In my conversation at Radical Media with Kahane Cooperman, director of this year's Oscar-nominated Joe's Violin, she explained how DOC NYC Executive Director Raphaela Neihausen, Richard Linklater and Dazed And Confused, Jon Stewart and The Daily Show, and Letters From Baghdad co-director Zeva Oelbaum supported bringing to the screen the moving story of Holocaust survivor Joseph Feingold and young musician Brianna Perez from the Bronx Global Learning Institute for Girls.

On being with Joseph Feingold: "I learned in that hour that the violin had a poignant story attached to it and also that he was a capable storyteller."
On being with Joseph Feingold: "I learned in that hour that the violin had a poignant story attached to it and also that he was a capable storyteller."

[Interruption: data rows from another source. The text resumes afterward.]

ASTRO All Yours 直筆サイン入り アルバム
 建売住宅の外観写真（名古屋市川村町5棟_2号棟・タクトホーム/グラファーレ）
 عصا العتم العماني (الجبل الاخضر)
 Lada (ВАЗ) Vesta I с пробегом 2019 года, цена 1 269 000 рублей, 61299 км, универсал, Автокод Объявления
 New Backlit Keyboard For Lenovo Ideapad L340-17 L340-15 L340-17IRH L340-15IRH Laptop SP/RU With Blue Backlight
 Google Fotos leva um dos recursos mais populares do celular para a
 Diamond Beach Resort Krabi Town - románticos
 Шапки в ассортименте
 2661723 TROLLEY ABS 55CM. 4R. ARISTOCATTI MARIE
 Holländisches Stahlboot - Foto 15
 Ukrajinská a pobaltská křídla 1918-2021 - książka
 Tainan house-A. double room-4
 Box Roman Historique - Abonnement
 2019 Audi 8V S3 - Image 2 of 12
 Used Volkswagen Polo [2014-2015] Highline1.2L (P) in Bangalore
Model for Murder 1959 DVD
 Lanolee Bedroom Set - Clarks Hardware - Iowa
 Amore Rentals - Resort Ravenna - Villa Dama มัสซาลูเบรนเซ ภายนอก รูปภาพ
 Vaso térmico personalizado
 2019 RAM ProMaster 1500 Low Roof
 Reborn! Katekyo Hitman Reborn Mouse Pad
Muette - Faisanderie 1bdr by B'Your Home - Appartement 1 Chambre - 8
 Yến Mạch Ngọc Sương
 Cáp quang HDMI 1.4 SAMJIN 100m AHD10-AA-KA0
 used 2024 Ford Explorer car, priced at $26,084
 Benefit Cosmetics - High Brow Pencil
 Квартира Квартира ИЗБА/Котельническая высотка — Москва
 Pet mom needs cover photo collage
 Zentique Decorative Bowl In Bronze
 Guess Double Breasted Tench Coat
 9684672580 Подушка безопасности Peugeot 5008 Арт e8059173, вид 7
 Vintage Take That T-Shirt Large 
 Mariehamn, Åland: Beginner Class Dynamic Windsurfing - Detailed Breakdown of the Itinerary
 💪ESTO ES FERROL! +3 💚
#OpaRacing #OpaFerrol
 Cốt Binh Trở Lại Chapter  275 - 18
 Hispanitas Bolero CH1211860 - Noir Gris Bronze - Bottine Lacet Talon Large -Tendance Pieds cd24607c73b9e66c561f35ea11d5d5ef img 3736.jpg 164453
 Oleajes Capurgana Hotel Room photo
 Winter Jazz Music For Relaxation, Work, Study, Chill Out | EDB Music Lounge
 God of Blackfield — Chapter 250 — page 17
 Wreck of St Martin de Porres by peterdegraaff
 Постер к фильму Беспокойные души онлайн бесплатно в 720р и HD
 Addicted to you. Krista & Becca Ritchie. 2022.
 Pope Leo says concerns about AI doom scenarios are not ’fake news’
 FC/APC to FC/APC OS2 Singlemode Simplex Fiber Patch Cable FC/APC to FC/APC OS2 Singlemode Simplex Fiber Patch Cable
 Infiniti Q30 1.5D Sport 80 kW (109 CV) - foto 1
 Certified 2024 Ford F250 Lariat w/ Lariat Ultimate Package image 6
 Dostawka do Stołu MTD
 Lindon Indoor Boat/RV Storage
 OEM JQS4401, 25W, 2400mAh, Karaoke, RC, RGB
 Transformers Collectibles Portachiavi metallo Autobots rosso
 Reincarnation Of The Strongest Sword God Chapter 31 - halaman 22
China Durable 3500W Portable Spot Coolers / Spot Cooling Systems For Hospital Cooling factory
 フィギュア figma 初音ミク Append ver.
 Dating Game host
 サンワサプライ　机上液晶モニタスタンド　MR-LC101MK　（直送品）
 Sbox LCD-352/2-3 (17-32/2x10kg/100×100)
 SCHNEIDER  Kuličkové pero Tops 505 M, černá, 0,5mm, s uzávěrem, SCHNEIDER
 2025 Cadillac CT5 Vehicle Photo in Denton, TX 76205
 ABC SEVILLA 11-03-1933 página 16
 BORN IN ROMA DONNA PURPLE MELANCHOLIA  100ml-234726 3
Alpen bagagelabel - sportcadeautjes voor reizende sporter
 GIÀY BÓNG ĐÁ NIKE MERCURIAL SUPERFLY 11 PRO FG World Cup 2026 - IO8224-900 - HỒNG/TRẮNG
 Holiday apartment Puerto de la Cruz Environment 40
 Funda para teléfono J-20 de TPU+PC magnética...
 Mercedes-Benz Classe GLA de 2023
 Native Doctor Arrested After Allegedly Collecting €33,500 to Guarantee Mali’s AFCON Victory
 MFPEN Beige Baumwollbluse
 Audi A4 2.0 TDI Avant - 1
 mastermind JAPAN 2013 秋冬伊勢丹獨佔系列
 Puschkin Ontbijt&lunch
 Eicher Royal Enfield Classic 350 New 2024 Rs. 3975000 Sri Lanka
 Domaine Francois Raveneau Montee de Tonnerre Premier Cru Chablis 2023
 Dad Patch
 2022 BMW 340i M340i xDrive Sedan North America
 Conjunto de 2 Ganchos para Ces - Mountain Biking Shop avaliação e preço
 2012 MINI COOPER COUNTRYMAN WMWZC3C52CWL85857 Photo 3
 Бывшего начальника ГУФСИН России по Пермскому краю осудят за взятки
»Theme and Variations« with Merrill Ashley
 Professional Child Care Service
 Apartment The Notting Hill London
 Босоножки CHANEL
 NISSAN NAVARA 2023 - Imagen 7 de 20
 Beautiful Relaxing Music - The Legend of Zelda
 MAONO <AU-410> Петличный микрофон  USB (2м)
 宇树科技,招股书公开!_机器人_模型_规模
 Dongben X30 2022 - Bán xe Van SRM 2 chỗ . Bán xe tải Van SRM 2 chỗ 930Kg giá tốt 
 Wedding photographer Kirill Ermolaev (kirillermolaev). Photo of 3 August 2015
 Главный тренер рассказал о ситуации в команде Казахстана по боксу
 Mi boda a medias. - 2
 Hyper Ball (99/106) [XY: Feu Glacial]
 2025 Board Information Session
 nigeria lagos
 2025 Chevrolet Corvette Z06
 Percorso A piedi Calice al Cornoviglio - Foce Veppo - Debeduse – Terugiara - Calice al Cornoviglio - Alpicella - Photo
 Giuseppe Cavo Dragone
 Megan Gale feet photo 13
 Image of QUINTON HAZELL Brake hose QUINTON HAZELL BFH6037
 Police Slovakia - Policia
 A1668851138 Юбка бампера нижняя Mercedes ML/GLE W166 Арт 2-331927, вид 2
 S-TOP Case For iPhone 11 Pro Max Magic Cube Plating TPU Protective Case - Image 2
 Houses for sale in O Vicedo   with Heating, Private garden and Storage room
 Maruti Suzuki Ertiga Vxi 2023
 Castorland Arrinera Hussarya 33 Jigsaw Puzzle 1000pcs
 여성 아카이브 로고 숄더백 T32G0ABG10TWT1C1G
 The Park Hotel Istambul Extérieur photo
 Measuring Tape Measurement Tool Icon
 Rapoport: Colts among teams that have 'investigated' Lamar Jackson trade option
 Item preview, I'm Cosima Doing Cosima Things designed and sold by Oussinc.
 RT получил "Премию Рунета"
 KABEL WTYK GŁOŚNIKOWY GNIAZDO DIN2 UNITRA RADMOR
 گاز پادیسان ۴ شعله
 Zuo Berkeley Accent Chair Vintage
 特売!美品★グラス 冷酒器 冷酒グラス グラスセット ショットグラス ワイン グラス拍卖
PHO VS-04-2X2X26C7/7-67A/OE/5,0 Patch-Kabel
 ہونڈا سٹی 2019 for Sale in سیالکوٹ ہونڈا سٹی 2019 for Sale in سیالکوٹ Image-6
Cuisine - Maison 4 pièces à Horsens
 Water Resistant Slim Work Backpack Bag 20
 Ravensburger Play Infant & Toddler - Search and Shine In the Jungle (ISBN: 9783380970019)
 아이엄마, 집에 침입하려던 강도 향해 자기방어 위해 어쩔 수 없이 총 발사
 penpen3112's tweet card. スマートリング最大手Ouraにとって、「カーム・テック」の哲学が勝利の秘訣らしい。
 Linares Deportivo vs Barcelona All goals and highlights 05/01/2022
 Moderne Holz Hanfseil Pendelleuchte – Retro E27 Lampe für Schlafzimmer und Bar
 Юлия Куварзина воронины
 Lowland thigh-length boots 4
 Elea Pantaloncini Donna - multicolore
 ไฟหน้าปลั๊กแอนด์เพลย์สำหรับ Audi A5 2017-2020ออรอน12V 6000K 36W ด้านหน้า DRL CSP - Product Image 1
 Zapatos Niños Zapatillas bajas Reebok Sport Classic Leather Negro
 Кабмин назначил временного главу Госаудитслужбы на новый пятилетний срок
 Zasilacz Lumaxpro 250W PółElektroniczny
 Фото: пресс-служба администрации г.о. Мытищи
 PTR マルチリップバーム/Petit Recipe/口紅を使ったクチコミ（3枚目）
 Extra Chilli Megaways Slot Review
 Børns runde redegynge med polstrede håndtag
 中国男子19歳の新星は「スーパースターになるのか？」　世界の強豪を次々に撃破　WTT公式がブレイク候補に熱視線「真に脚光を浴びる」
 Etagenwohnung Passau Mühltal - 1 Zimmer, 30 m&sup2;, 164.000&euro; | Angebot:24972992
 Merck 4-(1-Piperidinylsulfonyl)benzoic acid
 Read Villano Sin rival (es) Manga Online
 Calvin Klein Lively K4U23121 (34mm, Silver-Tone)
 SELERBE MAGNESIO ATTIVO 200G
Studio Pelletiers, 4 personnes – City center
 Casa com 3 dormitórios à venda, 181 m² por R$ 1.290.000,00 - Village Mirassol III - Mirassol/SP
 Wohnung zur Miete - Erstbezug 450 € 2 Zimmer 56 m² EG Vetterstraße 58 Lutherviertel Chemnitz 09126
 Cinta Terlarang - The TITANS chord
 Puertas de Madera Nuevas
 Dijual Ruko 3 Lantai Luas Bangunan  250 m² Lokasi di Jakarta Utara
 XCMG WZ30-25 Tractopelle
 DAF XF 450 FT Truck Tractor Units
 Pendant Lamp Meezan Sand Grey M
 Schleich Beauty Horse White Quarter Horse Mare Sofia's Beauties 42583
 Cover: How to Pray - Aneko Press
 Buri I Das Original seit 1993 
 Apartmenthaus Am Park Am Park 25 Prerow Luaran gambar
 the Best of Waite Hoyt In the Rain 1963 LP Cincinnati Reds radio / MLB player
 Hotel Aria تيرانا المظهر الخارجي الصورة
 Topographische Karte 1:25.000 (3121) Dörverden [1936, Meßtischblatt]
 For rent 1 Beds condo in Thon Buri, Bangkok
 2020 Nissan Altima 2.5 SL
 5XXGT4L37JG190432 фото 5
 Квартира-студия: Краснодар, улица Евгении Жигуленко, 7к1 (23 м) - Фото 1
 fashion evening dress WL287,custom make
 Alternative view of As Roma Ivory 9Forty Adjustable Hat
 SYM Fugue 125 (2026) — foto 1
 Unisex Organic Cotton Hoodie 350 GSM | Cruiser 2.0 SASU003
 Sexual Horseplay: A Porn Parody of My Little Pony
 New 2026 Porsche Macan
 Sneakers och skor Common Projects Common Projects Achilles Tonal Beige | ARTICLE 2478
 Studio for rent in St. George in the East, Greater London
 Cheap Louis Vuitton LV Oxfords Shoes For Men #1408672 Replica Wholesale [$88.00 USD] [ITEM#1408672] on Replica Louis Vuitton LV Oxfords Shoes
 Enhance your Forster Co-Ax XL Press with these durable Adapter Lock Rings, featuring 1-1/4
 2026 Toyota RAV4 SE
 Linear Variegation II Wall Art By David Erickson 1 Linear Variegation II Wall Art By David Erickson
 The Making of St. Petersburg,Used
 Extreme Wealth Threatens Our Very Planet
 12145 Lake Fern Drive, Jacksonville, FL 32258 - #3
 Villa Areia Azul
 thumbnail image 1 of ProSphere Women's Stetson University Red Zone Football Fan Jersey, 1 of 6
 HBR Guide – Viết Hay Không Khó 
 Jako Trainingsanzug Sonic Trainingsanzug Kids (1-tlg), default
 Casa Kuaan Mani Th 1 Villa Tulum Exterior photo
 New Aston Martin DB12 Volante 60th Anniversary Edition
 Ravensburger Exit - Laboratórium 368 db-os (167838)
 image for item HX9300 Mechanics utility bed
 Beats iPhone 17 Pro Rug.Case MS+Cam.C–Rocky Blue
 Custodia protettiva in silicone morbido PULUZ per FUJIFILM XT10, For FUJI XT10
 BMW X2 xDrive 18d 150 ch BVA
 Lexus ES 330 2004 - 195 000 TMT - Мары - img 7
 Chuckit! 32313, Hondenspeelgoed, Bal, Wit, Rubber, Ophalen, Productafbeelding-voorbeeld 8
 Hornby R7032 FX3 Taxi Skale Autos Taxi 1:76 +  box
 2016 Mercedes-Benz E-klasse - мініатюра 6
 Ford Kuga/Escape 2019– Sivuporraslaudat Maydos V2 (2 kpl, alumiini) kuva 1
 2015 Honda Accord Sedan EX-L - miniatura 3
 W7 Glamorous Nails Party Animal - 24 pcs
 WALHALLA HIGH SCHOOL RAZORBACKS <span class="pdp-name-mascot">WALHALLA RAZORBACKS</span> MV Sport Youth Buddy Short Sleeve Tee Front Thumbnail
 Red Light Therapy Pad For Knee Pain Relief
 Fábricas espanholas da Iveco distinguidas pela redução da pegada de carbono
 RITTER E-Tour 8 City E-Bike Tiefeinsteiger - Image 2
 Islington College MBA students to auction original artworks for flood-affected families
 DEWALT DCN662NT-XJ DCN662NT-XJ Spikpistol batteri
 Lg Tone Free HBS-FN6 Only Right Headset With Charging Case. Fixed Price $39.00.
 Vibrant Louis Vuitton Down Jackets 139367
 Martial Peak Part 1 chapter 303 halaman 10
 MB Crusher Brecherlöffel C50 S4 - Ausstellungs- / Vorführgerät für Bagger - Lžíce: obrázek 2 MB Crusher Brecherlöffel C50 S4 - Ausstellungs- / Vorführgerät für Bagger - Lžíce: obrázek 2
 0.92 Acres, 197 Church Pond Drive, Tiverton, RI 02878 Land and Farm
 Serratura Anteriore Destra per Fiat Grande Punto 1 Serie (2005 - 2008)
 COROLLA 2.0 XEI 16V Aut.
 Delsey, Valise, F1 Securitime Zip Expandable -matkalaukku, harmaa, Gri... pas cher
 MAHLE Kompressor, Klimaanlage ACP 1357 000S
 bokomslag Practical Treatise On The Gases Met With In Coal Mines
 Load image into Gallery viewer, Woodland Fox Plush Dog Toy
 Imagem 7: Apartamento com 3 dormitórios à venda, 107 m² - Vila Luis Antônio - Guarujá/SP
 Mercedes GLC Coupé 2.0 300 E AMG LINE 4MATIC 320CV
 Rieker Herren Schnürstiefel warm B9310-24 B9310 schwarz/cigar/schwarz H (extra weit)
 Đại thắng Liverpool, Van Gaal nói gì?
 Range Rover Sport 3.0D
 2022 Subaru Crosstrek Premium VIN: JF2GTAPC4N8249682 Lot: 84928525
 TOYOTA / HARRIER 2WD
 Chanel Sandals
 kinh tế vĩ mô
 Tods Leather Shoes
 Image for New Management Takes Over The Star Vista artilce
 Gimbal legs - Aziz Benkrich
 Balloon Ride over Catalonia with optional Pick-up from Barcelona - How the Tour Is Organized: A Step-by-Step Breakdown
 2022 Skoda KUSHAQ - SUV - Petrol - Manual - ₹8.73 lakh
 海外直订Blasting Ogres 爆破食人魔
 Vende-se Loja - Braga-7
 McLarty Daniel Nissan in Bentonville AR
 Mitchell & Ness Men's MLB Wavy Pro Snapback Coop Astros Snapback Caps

When an object changes hands, commonly its story dies. We might speculate about the previous owner of a piece of vintage jewelry that catches our eye, or wonder who sat in an antique chair 100 years ago. Joe's Violin was born out of just such wondering and the impulse to know more about an instrument's past and future.

Anne-Katrin Titze: Joe Berlinger and you worked together before?

Kahane Cooperman: Yeah, I had worked with Joe Berlinger at Maysles Films a long time ago, that's how we first met. We both worked on staff there. I worked at the front desk. I was really young, just getting started. And he was doing marketing there. And we had never worked together since until this came along.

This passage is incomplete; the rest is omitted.